Bahkan, lanjut Prof Haedar, harus ada proses demokratisasi syiar Muhammadiyah. Artinya semarak Muktamar dan dakwah Muhammadiyah tidak hanya terkosentrai di Yogyakarta, Surakarta maupun Jakarta, teapi juga meluas hingga ke wilayah dan daerah.
“Dengan itu, maka Muktamar akan dapat dirasakan langsung oleh masyarakat luas.

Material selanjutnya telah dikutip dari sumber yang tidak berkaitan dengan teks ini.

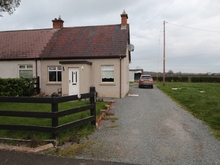 113 Backlower Road, Brocagh, Coalisland, Co Tyrone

Apalagi tidak semua warga persyarikatan bisa hadir di arena Muktamar, maka saatnya kita konversi seluruh rangkaian informasi, acara-acara dan publikasi yang disyiarkan secara digital,” kata Haedar.
Karena itu, kata Prof Haedar, kendala-kendala yang dihadapi daerah harus jadi pikiran MPI, bagaimana caranya memanfaatkan perangkat amal usaha Muhammadiyah di daerah untuk mengatasinya.
“Sudah saatnya, selain jaringan organisasi, maka seluruh perangkat amal usaha yang kita miliki di daerah, mulai dari sekolah, perguruan tinggi, RS dan lainnya kita mobilisasi untuk menjadi tempat syiar di seluruh tempat,” pungkasnya. (*)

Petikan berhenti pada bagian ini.